DURAÇÃO DO TRABALHO / COMPENSAÇÃO DE JORNADA / BANCO DE HORAS.
DEVOLUÇÃO DE DESCONTOS
As questões relativas ao tema em destaque foram solucionadas com base na análise dos fatos e provas. Incidência da Súmula 126 do C. TST. CONCLUSÃO
DENEGO seguimento ao recurso de revista. (fls. 1.107/1.108 - destaquei)
Em Agravo, a Reclamada suscita preliminar de cerceamento de defesa por fundamentação inadequada do despacho agravado. Afirma que houve supressão de instância quanto à admissibilidade. Ratifica os termos do Recurso de Revista. Afirma ter preenchido todos os pressupostos de admissibilidade. Invoca princípios constitucionais. Indica ofensa aos artigos 5º, XXXIV, "a", e LV, e 93 da Constituição da República; 896 da CLT; 1.021 do CPC; e à Lei nº 9.756/98.

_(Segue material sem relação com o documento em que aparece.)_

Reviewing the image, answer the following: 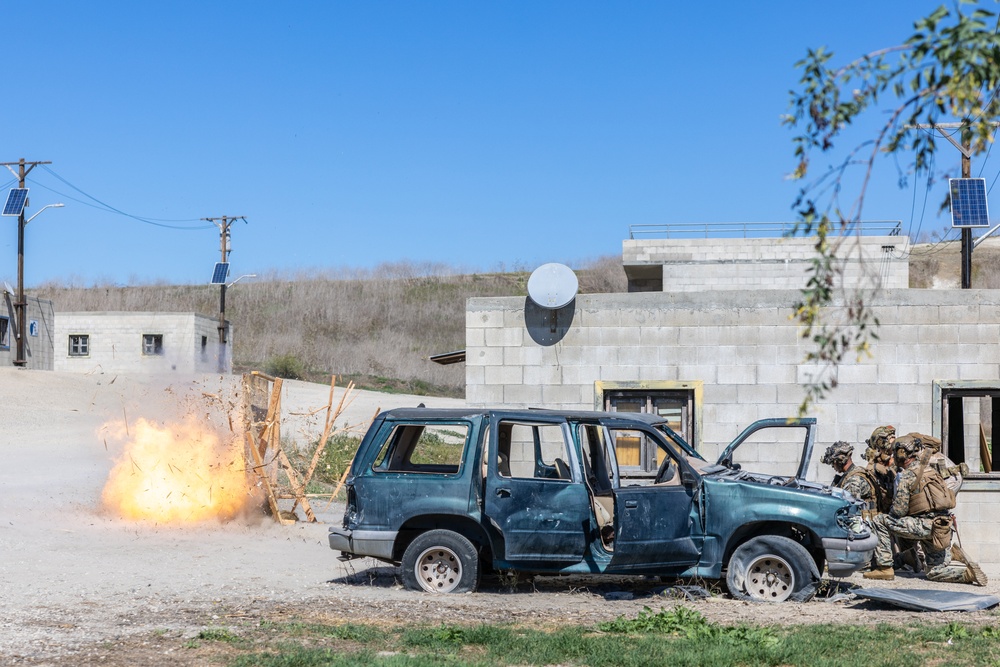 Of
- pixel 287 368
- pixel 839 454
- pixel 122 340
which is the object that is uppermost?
pixel 122 340

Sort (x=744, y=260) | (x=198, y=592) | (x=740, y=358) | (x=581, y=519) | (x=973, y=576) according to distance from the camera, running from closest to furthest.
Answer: (x=581, y=519)
(x=198, y=592)
(x=973, y=576)
(x=740, y=358)
(x=744, y=260)

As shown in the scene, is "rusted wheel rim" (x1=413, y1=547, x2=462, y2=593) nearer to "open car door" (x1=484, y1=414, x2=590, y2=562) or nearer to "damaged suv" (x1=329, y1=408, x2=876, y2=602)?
"damaged suv" (x1=329, y1=408, x2=876, y2=602)

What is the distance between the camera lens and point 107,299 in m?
96.4

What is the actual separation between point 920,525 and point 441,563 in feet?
17.5

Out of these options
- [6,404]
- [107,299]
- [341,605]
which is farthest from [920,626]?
[107,299]

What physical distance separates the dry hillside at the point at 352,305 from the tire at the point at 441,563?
6355 cm

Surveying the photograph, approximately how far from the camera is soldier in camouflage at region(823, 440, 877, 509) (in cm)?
1216

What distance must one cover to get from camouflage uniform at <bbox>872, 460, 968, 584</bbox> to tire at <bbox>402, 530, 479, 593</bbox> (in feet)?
15.6

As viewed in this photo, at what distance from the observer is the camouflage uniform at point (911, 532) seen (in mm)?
11914

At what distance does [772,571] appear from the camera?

O cabimento do Recurso de Revista interposto à decisão proferida em causa sujeita ao rito sumaríssimo está restrito às hipóteses de contrariedade a súmula de jurisprudência do Tribunal Superior do Trabalho ou a súmula vinculante do Supremo Tribunal Federal, ou, ainda, por violação direta à Constituição da República, nos termos do art. 896, § 9º, da CLT, com as alterações trazidas pela Lei nº 13.015, de 21 de julho de 2014.

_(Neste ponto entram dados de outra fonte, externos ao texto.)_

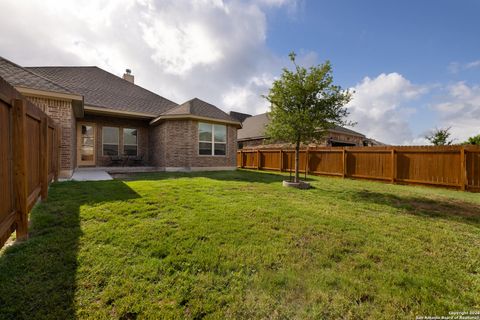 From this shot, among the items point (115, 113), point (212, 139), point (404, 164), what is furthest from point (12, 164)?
point (404, 164)

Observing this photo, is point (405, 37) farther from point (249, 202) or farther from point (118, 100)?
point (118, 100)

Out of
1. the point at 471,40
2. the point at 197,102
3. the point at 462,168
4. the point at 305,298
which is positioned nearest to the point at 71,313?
the point at 305,298

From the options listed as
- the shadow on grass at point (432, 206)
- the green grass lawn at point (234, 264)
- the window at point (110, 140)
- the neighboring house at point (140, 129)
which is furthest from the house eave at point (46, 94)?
the shadow on grass at point (432, 206)

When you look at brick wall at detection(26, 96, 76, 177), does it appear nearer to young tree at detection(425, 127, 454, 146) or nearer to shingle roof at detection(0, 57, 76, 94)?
shingle roof at detection(0, 57, 76, 94)

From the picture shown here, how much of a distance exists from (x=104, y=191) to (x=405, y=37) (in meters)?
13.9

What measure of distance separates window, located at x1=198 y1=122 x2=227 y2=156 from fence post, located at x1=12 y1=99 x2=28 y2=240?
985cm

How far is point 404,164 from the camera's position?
9258 millimetres

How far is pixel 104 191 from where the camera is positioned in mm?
5652

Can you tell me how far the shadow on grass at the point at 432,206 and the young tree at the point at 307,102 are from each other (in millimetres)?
2732

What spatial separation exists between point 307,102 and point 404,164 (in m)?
5.70

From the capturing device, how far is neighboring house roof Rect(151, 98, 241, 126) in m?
11.6

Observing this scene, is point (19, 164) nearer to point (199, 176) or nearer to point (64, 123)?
point (64, 123)

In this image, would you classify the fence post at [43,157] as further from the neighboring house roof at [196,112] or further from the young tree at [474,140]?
the young tree at [474,140]

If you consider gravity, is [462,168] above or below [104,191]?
above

Quanto à suscitada preliminar de nulidade do despacho agravado, cumpre ressaltar que a adoção de fundamentação per relationem na decisão agravada não implica ofensa às normas processuais relativas à fundamentação dos julgados. Conforme assentado no despacho, as jurisprudências do Eg. Tribunal Superior do Trabalho e do E. Supremo Tribunal Federal acolheram a tese de que a adoção da técnica atende à exigência de motivação das decisões proferidas pelos órgãos do Poder Judiciário. Nesse sentido, aliás, a tese fixada pela E. Corte no julgamento do tema nº 339 do repositório de repercussão geral, segundo a qual "o art. 93, IX, da Constituição Federal exige que o acórdão ou decisão sejam fundamentados, ainda que sucintamente, sem determinar, contudo, o exame pormenorizado de cada uma das alegações ou provas". Não há falar em prejuízo, pois a interposição do Agravo devolve à C. Turma deste Tribunal a totalidade da matéria impugnada. A adoção dos fundamentos da decisão regional não configura violação aos dispositivos invocados, diante do efeito devolutivo do recurso.
No tema da devolução dos descontos, a Eg. Corte Regional consignou:
2.1. Da devolução de descontos.
(...)
Examina-se.
Nos termos do artigo 462 da CLT, é vedado ao empregador efetuar descontos nos salários do emprego, exceto quando estes resultarem de adiantamentos, de dispositivos de lei ou de contrato coletivo.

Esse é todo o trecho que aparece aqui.